L'article L. 120-2 du Code du travail (N° Lexbase : L5441ACI) n'en finit pas d'étendre son champ d'application à tous les secteurs du droit du travail. C'est, désormais, la liberté syndicale, reconnue tant au niveau constitutionnel qu'européen, qui se trouve englobée dans la protection accordée par ce texte, mais aussi enserrée dans les limites qu'il met en place. Il s'agissait de savoir, dans une affaire tranchée par la Chambre sociale de la Cour de cassation le 26 septembre 2007, si le transfert forcé par l'employeur des locaux syndicaux constituait une atteinte à la liberté syndicale. En répondant à cette question, la Chambre sociale précise les règles gouvernant le déménagement du local syndical (1) et fait entrer la liberté syndicale dans le giron du contrôle de justification et de proportionnalité de l'article L. 120-2 du Code du travail (2).

Résumé

L'employeur ne peut apporter des restrictions aux libertés individuelles et collectives des salariés et de leurs représentants qui ne seraient justifiées par un motif légitime et proportionné au but recherché.

En conséquence, le déménagement des locaux syndicaux, imposé par l'employeur et induisant, pour accéder aux nouveaux locaux, l'obligation de passer un portique électronique, de présenter un badge, voire de subir une fouille, sans que cela soit rendu nécessaire par des impératifs de sécurité, ni ne soit proportionné au but recherché, constitue une atteinte à la liberté syndicale.

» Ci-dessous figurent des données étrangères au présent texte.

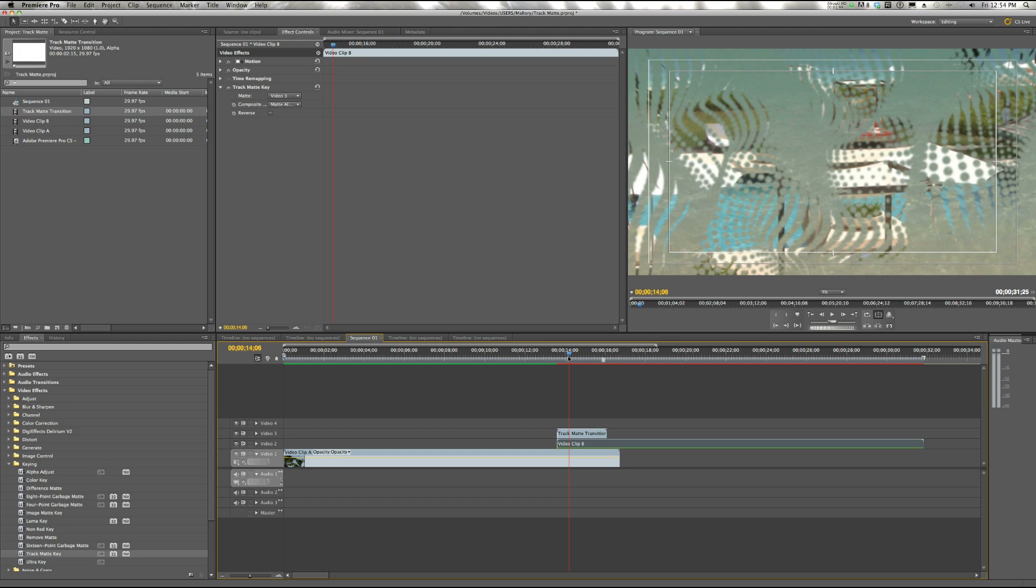So if you have any more questions about Track Matte, make sure to check out our blog at content.videoblocks.com. And if you're looking for stock footage like you see in this example, go to videoblocks.com and sign up for our 7-day free trial. You can download all types of stock footage for your next video project. Thanks for checking us out and we'll see you soon.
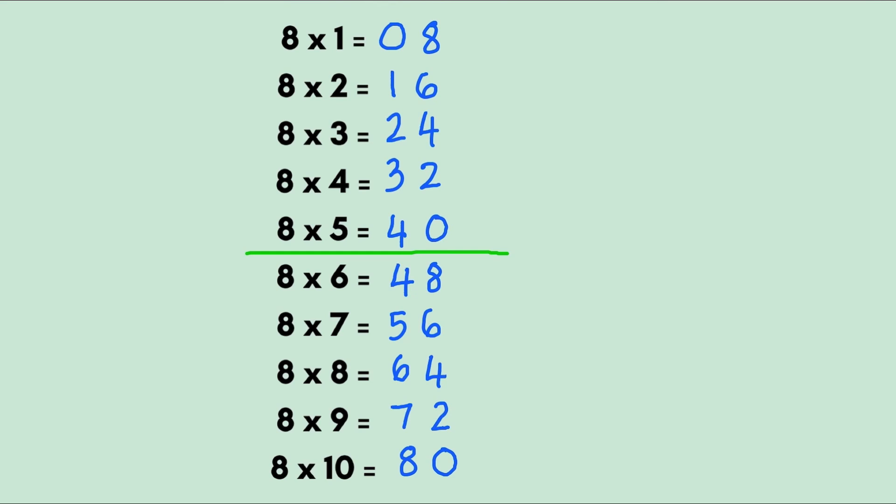So what's 8 times 4? 32. What's 8 times 7? 56. What's 8 times 9? 72. What's 8 times 1? That's easy. That's 8.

1. Des règles gouvernant le déménagement du local syndical

  • L'obligation de fournir un local aux sections syndicales

Lorsque l'entreprise remplit les conditions autorisant les syndicats représentatifs à désigner, parmi les salariés, un délégué syndical et, partant, à créer une section syndicale, l'employeur se trouve dans l'obligation de fournir à cette entité un certain nombre de moyens matériels.

Parmi ces moyens, les représentants syndicaux peuvent, parfois, bénéficier d'un local syndical, selon les termes de l'article L. 412-9 du Code du travail (N° Lexbase : L6347AC3). Si l'entreprise comporte un effectif supérieur à 200 salariés, un seul local commun "convenant à l'exercice de la mission de leurs délégués" est fourni pour l'ensemble des sections syndicales. Si l'effectif dépasse 1 000 salariés, chaque section bénéficiera de son propre local, "convenable, aménagé et doté du matériel nécessaire à son fonctionnement". Au contraire, si l'effectif ne dépasse pas 200 salariés, l'employeur n'est pas tenu de mettre à leur disposition un local spécifique, à moins qu'un accord collectif n'en décide autrement.

On déduit, également, de ce texte que le local doit être situé au sein de l'entreprise ou de l'établissement. Cette question ne posait guère difficulté dans l'arrêt commenté. En effet, si les anciens locaux étaient situés dans le bâtiment principal de l'entreprise, les nouveaux locaux avaient été aménagés dans des locaux sis sur le parking, mais demeurant dans "l'enceinte de l'entreprise".

Reste à savoir si l'employeur pouvait légitimement imposer un déménagement aux sections syndicales.

  • La possibilité de contraindre les sections syndicales à déménager

L'article L. 412-9 du Code du travail demeure laconique quant aux règles précises s'appliquant au fonctionnement du local syndical. Spécialement, rien n'est prévu s'agissant du déménagement des sections dans d'autres locaux.

A l'évidence, tout déménagement doit impliquer que la situation du nouveau local remplisse les conditions initiales, c'est-à-dire qu'il soit situé dans l'enceinte de l'entreprise ou de l'établissement et qu'il mette à disposition des sections des moyens convenables de fonctionnement.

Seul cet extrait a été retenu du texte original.